AIM OF THE EXERCISE: Copy every line below exactly.

[Recorded data]

--------------------------------------------------

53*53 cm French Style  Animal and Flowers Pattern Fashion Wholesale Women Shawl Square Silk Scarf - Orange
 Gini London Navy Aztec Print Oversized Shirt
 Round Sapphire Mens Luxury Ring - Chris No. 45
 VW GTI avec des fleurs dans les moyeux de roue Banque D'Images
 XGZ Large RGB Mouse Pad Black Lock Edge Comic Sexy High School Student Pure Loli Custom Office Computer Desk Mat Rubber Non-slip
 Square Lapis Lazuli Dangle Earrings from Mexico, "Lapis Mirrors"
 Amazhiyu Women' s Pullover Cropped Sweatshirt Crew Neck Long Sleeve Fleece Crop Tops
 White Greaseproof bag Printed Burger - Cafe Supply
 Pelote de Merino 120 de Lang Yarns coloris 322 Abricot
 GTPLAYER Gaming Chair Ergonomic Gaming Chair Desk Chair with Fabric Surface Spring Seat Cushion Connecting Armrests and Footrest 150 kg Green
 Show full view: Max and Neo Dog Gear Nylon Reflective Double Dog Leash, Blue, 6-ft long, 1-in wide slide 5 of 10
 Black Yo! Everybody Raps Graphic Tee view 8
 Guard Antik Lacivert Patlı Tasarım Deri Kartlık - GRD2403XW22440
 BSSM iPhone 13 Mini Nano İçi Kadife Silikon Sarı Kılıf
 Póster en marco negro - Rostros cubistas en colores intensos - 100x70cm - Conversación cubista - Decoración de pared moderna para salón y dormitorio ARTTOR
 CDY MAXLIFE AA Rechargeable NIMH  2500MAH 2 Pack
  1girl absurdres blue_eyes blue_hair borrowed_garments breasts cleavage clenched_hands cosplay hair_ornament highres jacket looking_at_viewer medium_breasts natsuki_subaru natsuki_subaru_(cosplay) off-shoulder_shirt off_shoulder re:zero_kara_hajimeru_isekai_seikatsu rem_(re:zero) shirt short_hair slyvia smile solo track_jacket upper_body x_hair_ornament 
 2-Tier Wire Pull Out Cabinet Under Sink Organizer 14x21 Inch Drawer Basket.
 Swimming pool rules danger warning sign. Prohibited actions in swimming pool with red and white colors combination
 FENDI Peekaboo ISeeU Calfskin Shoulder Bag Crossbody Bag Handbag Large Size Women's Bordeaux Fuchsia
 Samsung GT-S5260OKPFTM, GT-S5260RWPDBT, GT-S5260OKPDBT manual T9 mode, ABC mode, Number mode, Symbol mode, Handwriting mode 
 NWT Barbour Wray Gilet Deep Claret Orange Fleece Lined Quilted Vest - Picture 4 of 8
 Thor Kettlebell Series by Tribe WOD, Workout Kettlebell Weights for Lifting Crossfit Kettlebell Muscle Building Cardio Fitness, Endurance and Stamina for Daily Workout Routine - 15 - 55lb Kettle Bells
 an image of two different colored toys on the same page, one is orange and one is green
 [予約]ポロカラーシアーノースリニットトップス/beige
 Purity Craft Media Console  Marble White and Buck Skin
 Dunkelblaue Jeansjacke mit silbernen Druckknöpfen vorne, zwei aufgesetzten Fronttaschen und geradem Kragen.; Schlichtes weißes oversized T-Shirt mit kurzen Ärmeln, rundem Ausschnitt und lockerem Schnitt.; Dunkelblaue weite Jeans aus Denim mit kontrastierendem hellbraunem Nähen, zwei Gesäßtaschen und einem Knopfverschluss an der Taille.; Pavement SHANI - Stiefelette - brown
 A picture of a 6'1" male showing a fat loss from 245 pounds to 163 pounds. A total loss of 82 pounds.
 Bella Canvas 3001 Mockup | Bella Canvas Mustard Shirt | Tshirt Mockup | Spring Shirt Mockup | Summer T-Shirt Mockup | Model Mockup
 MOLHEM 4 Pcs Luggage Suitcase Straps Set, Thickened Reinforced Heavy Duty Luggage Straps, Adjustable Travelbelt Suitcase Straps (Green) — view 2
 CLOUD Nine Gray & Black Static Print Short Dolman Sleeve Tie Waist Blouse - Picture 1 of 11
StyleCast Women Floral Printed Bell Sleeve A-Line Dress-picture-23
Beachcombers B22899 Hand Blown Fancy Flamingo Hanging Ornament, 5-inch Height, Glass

--------------------------------------------------

RESPONSE:
53*53 cm French Style  Animal and Flowers Pattern Fashion Wholesale Women Shawl Square Silk Scarf - Orange
 Gini London Navy Aztec Print Oversized Shirt
 Round Sapphire Mens Luxury Ring - Chris No. 45
 VW GTI avec des fleurs dans les moyeux de roue Banque D'Images
 XGZ Large RGB Mouse Pad Black Lock Edge Comic Sexy High School Student Pure Loli Custom Office Computer Desk Mat Rubber Non-slip
 Square Lapis Lazuli Dangle Earrings from Mexico, "Lapis Mirrors"
 Amazhiyu Women' s Pullover Cropped Sweatshirt Crew Neck Long Sleeve Fleece Crop Tops
 White Greaseproof bag Printed Burger - Cafe Supply
 Pelote de Merino 120 de Lang Yarns coloris 322 Abricot
 GTPLAYER Gaming Chair Ergonomic Gaming Chair Desk Chair with Fabric Surface Spring Seat Cushion Connecting Armrests and Footrest 150 kg Green
 Show full view: Max and Neo Dog Gear Nylon Reflective Double Dog Leash, Blue, 6-ft long, 1-in wide slide 5 of 10
 Black Yo! Everybody Raps Graphic Tee view 8
 Guard Antik Lacivert Patlı Tasarım Deri Kartlık - GRD2403XW22440
 BSSM iPhone 13 Mini Nano İçi Kadife Silikon Sarı Kılıf
 Póster en marco negro - Rostros cubistas en colores intensos - 100x70cm - Conversación cubista - Decoración de pared moderna para salón y dormitorio ARTTOR
 CDY MAXLIFE AA Rechargeable NIMH  2500MAH 2 Pack
  1girl absurdres blue_eyes blue_hair borrowed_garments breasts cleavage clenched_hands cosplay hair_ornament highres jacket looking_at_viewer medium_breasts natsuki_subaru natsuki_subaru_(cosplay) off-shoulder_shirt off_shoulder re:zero_kara_hajimeru_isekai_seikatsu rem_(re:zero) shirt short_hair slyvia smile solo track_jacket upper_body x_hair_ornament 
 2-Tier Wire Pull Out Cabinet Under Sink Organizer 14x21 Inch Drawer Basket.
 Swimming pool rules danger warning sign. Prohibited actions in swimming pool with red and white colors combination
 FENDI Peekaboo ISeeU Calfskin Shoulder Bag Crossbody Bag Handbag Large Size Women's Bordeaux Fuchsia
 Samsung GT-S5260OKPFTM, GT-S5260RWPDBT, GT-S5260OKPDBT manual T9 mode, ABC mode, Number mode, Symbol mode, Handwriting mode 
 NWT Barbour Wray Gilet Deep Claret Orange Fleece Lined Quilted Vest - Picture 4 of 8
 Thor Kettlebell Series by Tribe WOD, Workout Kettlebell Weights for Lifting Crossfit Kettlebell Muscle Building Cardio Fitness, Endurance and Stamina for Daily Workout Routine - 15 - 55lb Kettle Bells
 an image of two different colored toys on the same page, one is orange and one is green
 [予約]ポロカラーシアーノースリニットトップス/beige
 Purity Craft Media Console  Marble White and Buck Skin
 Dunkelblaue Jeansjacke mit silbernen Druckknöpfen vorne, zwei aufgesetzten Fronttaschen und geradem Kragen.; Schlichtes weißes oversized T-Shirt mit kurzen Ärmeln, rundem Ausschnitt und lockerem Schnitt.; Dunkelblaue weite Jeans aus Denim mit kontrastierendem hellbraunem Nähen, zwei Gesäßtaschen und einem Knopfverschluss an der Taille.; Pavement SHANI - Stiefelette - brown
 A picture of a 6'1" male showing a fat loss from 245 pounds to 163 pounds. A total loss of 82 pounds.
 Bella Canvas 3001 Mockup | Bella Canvas Mustard Shirt | Tshirt Mockup | Spring Shirt Mockup | Summer T-Shirt Mockup | Model Mockup
 MOLHEM 4 Pcs Luggage Suitcase Straps Set, Thickened Reinforced Heavy Duty Luggage Straps, Adjustable Travelbelt Suitcase Straps (Green) — view 2
 CLOUD Nine Gray & Black Static Print Short Dolman Sleeve Tie Waist Blouse - Picture 1 of 11
StyleCast Women Floral Printed Bell Sleeve A-Line Dress-picture-23
Beachcombers B22899 Hand Blown Fancy Flamingo Hanging Ornament, 5-inch Height, Glass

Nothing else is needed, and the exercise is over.